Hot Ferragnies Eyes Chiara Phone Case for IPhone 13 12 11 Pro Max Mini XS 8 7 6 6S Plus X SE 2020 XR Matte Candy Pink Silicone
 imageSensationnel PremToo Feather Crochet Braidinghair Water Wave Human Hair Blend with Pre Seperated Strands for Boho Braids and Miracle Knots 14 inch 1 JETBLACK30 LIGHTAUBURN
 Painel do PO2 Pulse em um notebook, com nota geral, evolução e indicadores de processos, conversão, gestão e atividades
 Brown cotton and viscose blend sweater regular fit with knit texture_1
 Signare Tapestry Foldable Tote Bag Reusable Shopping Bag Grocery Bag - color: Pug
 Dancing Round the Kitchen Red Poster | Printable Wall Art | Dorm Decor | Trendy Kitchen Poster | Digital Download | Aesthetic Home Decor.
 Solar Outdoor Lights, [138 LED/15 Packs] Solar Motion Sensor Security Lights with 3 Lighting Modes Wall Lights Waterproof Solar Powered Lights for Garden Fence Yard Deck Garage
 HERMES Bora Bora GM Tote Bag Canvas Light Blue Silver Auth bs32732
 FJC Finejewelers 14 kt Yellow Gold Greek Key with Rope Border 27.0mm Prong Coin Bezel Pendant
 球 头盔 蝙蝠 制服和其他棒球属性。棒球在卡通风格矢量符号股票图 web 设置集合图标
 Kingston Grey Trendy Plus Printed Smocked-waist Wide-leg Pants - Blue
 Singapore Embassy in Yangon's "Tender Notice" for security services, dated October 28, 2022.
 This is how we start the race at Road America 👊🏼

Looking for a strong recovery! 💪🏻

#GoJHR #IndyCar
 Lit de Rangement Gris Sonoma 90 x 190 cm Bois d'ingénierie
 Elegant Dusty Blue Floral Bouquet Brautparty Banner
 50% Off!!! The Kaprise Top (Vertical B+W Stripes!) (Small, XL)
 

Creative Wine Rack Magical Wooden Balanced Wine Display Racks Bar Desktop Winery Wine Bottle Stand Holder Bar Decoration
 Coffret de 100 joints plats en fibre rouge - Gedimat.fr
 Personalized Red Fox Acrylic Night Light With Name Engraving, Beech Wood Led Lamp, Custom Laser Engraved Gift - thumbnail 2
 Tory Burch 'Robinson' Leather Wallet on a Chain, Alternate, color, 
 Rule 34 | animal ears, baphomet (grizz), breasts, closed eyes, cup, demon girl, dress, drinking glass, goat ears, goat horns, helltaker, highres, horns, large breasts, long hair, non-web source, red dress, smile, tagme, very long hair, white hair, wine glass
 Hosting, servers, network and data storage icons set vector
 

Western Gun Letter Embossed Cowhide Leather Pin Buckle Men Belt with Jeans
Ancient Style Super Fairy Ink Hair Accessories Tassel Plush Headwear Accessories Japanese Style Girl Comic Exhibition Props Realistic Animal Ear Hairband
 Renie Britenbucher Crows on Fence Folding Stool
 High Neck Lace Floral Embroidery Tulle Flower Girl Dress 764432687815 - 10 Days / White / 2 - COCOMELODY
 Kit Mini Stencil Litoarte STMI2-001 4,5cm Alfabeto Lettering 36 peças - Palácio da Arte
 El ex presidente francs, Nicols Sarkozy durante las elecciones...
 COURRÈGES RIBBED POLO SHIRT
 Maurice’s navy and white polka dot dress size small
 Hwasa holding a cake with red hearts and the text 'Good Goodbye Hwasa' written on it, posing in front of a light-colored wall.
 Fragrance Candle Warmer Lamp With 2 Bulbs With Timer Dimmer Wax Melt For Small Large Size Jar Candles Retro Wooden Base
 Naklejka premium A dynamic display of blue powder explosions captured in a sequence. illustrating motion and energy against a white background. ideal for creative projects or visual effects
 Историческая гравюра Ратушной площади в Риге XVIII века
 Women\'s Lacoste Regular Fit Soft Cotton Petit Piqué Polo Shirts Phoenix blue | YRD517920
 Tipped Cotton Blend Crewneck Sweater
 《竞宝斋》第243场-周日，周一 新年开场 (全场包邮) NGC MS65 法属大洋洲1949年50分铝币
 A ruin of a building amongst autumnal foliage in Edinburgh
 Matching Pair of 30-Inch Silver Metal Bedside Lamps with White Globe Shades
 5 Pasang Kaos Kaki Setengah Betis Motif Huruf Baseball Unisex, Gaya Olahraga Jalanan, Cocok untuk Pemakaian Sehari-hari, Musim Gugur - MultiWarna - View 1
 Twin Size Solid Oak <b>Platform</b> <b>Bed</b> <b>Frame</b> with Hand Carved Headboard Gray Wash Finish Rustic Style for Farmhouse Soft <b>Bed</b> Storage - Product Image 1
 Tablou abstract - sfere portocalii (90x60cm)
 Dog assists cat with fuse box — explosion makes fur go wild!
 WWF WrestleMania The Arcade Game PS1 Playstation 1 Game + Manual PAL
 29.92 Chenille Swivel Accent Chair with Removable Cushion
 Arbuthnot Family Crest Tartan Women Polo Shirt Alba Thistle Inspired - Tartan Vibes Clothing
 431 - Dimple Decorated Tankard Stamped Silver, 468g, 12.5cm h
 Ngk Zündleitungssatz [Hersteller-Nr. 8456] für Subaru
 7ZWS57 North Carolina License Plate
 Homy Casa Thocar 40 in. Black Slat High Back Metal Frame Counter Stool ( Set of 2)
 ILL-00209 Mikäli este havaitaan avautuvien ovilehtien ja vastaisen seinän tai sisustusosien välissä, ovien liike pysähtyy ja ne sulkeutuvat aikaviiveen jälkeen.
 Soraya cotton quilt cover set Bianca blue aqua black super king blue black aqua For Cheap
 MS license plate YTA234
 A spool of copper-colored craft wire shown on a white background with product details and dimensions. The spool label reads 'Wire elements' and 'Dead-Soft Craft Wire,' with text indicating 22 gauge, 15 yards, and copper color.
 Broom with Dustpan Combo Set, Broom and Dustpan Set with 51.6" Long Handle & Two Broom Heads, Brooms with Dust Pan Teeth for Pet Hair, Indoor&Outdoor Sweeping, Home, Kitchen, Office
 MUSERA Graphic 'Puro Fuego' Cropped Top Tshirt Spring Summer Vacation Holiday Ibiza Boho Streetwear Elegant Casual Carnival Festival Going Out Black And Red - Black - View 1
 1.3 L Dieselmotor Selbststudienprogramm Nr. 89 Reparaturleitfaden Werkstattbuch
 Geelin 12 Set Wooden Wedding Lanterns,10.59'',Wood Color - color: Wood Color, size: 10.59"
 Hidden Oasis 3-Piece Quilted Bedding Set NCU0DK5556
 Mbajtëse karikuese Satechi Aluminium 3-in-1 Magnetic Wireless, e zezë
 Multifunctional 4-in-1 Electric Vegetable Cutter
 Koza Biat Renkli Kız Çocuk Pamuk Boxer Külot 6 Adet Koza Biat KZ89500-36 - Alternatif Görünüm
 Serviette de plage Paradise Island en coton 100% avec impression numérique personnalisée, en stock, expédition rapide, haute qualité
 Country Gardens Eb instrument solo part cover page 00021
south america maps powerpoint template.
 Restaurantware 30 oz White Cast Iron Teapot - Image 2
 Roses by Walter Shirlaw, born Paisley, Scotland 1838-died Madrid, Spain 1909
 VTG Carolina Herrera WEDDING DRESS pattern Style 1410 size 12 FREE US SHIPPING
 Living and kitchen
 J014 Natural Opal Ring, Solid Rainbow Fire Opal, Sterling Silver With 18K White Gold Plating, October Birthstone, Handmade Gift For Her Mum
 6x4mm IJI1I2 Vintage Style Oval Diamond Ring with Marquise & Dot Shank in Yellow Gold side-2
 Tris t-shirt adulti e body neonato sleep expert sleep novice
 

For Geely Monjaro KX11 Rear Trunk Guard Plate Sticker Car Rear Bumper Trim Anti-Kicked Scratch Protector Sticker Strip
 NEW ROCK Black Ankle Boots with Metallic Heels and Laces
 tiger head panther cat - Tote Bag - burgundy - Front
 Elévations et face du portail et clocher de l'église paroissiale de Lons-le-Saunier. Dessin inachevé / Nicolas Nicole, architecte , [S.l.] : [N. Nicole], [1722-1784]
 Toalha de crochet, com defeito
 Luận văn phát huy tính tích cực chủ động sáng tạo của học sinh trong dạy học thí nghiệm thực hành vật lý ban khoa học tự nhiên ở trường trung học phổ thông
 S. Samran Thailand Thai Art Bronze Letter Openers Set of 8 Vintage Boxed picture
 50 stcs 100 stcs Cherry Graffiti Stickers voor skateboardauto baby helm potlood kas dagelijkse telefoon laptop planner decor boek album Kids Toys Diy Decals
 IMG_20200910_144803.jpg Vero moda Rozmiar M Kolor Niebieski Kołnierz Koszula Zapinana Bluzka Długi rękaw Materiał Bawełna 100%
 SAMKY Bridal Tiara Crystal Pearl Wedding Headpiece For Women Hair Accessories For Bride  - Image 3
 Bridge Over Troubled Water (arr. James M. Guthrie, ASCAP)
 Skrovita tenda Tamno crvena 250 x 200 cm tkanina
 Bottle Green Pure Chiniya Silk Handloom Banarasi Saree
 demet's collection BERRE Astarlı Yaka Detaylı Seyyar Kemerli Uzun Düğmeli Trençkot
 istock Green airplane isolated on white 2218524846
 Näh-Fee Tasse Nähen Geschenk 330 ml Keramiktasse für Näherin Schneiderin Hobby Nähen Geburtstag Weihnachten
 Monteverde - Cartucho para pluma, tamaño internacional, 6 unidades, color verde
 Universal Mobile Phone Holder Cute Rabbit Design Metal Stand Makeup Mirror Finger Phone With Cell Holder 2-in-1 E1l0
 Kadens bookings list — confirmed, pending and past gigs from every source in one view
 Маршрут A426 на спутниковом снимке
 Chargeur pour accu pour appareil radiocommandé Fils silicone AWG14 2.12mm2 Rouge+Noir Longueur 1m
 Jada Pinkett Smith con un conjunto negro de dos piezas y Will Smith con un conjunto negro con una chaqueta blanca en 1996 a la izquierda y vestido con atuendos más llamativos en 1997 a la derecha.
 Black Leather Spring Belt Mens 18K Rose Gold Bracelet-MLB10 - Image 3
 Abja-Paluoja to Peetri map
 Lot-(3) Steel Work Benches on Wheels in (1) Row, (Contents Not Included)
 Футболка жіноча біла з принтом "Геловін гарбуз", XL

> [WHAT THIS TASK INVOLVES]:
Each line above from the one with "istock Green airplane" up to and including the one with "Lot-(3) Steel Work" must be set down exactly, and no line outside that span may appear.

> [ANSWER BOX]:
 istock Green airplane isolated on white 2218524846
 Näh-Fee Tasse Nähen Geschenk 330 ml Keramiktasse für Näherin Schneiderin Hobby Nähen Geburtstag Weihnachten
 Monteverde - Cartucho para pluma, tamaño internacional, 6 unidades, color verde
 Universal Mobile Phone Holder Cute Rabbit Design Metal Stand Makeup Mirror Finger Phone With Cell Holder 2-in-1 E1l0
 Kadens bookings list — confirmed, pending and past gigs from every source in one view
 Маршрут A426 на спутниковом снимке
 Chargeur pour accu pour appareil radiocommandé Fils silicone AWG14 2.12mm2 Rouge+Noir Longueur 1m
 Jada Pinkett Smith con un conjunto negro de dos piezas y Will Smith con un conjunto negro con una chaqueta blanca en 1996 a la izquierda y vestido con atuendos más llamativos en 1997 a la derecha.
 Black Leather Spring Belt Mens 18K Rose Gold Bracelet-MLB10 - Image 3
 Abja-Paluoja to Peetri map
 Lot-(3) Steel Work Benches on Wheels in (1) Row, (Contents Not Included)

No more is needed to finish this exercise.